According to Titus 2, we younger women should:
Love our husbands
Love our children
Obedient to our husbands
So that the Word of God may not be blasphemed.
As wives and mothers, these are the things that should consume us, apart from sitting at the feet of Jesus. And in the paticular post I would like to elaborate on the highlighted verses in regards to how we present ourselves (i.e. dress).
Chaste translates as “pure” four times, “chaste” three times, and “clear” once. 1 exciting reverence, venerable, sacred. 2 pure. 2a pure from carnality, chaste, modest. 2b pure from every fault, immaculate. 2c clean.g and showing prudence and self restraint." Discreet of a sound mind, sane, in one’s senses. 2 curbing one’s desires and impulses, self-controlled, temperate. (Stong's Lexicon).

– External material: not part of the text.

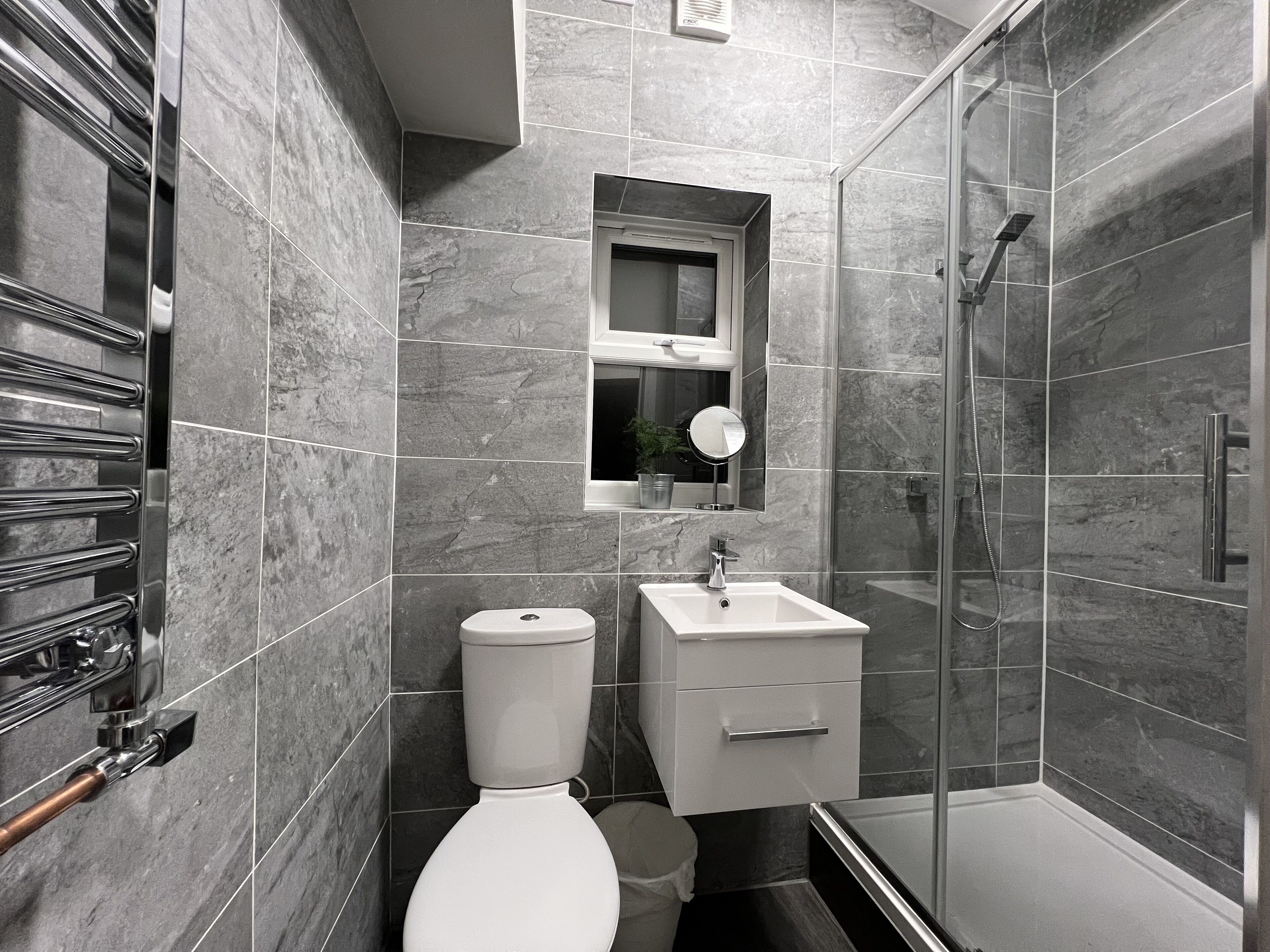 Ein modernes Badezimmer mit Toilette, Waschbecken und Dusche.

I choose these two commands because they are ones that I have been speaking about to my 6 year old daughter. First off, I must be her example. Dressing modestly and behaving in a way that does not cause attention to be drawn to myself. Thankfully, I have a husband that monitors everything I wear, lovingly letting me know when something is inappropriate--giving me opportunity to be "obedient to ones husband."
I am going to be very honest. I am disgusted by the dress of many women in the American church, and even more so among wives of men in leadership. Low scooped shirts, tight jeans and short skirts/shorts. It is not a matter of legalism, rules, etc. but rather a matter of being chaste and discreet so that the Word of God will not be blasphemed. There is also the other extreme where women are so 'covered' one often wonders if they have stepped into "little house" days. Either way, we as Christian women should not draw attention to ourselves. Be above reproach. And not cause other sisters to stumble. This is our calling. Not from man but from God. The Bible says that it is our "good works" that people need to see--not our long slender legs or cleavage.
By no means am I posting this to cause division or "lay heavy burdens" upon the shoulders of my sisters. But rather, "in these last days" encourage and exhort us to be women above reproach.